No Brasil, para que um município alcance níveis excelentes de perdas, deve ter no máximo 25% em perdas de água na distribuição e 216 L/ligação/dia em perdas por ligação – de acordo com a Portaria 490/2021 do Ministério do Desenvolvimento Regional (MDR). Segundo o estudo do Trata Brasil, se a região Norte reduzisse suas atuais perdas de 46,94% para a meta de 25%, o potencial de aumento da população atendida seria de mais de 3,7 milhões de pessoas.

O Norte do país sediará a 30ª Conferência da ONU sobre Mudanças Climáticas (COP-30), marcada para novembro de 2025 em Belém (PA). Em meio aos diversos desafios ambientais a serem enfrentados, a região encara a falta de controle de perdas de água e uma realidade precária nos serviços de saneamento básico para sua população. São quase 900 piscinas olímpicas de esgoto sem tratamento lançadas diariamente nos rios da região amazônica. Este evento, que reúne especialistas e ativistas de todo o mundo para debater sobre questões ambientais e climáticas, representa uma oportunidade crucial para direcionar atenção e esforços à melhoria dessas infraestruturas básicas, essenciais para a dignidade humana.

O acesso ao saneamento, especialmente à água potável, é um requisito básico imprescindível para uma vida digna. Dentre os principais direitos básicos fundamentados na Constituição Federal de 1988, destaca-se o direito à saúde, que inclui o acesso universal e igualitário a ações e serviços para sua promoção, refletindo os princípios de dignidade da pessoa humana.

Garantir o acesso universal à água, em sua regularidade e qualidade, não é apenas uma questão de higiene, mas também de proteção ambiental, justiça social, climática e desenvolvimento humano integral. Temas que certamente estarão em pauta na COP-30.

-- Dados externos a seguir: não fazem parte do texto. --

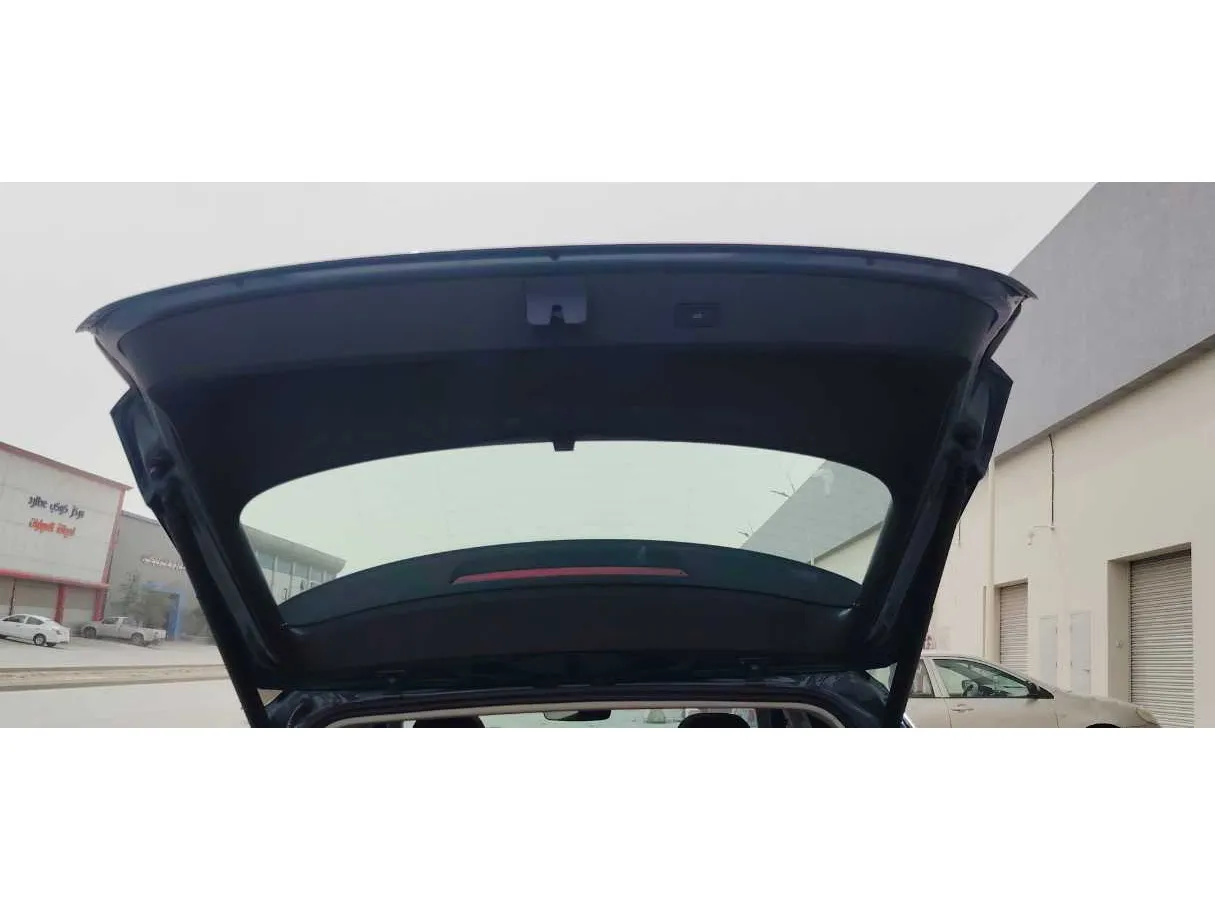 Car image 24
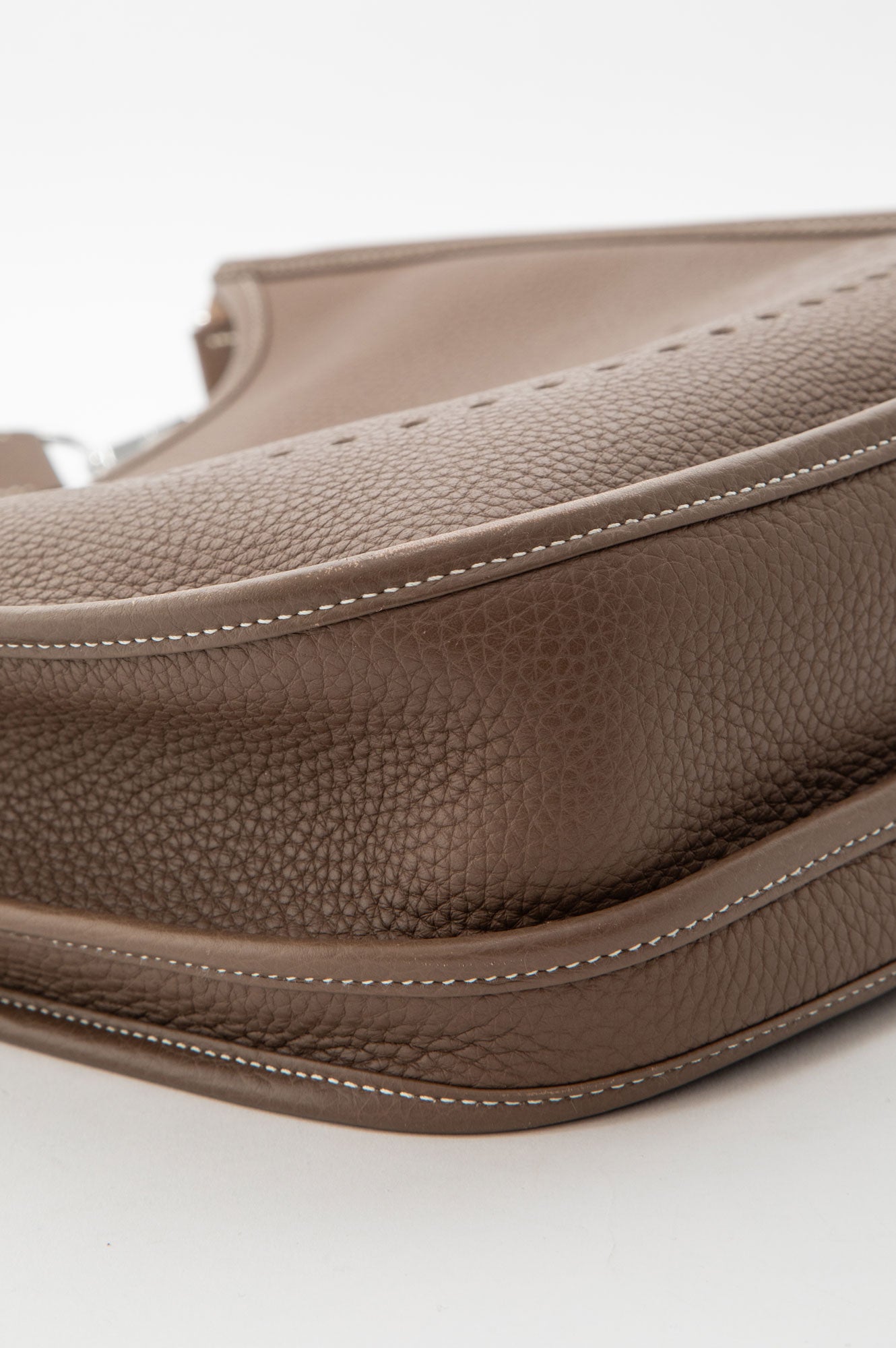Hermes Etaupe Clemence Leather Evelyne 29 PM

 * Luana Siewert Pretto é Engenheira Civil (UFSC), com mestrado na área de Análise Multicritério (UFSC) e pós-graduada em Gestão de Projetos (FGV). Atuou na concessionária estadual de saneamento básico de Santa Catarina (CASAN) e como presidente da Empresa Pública municipal de saneamento básico Companhia Águas de Joinville. Atualmente, é Presidente-Executiva do Instituto Trata Brasil.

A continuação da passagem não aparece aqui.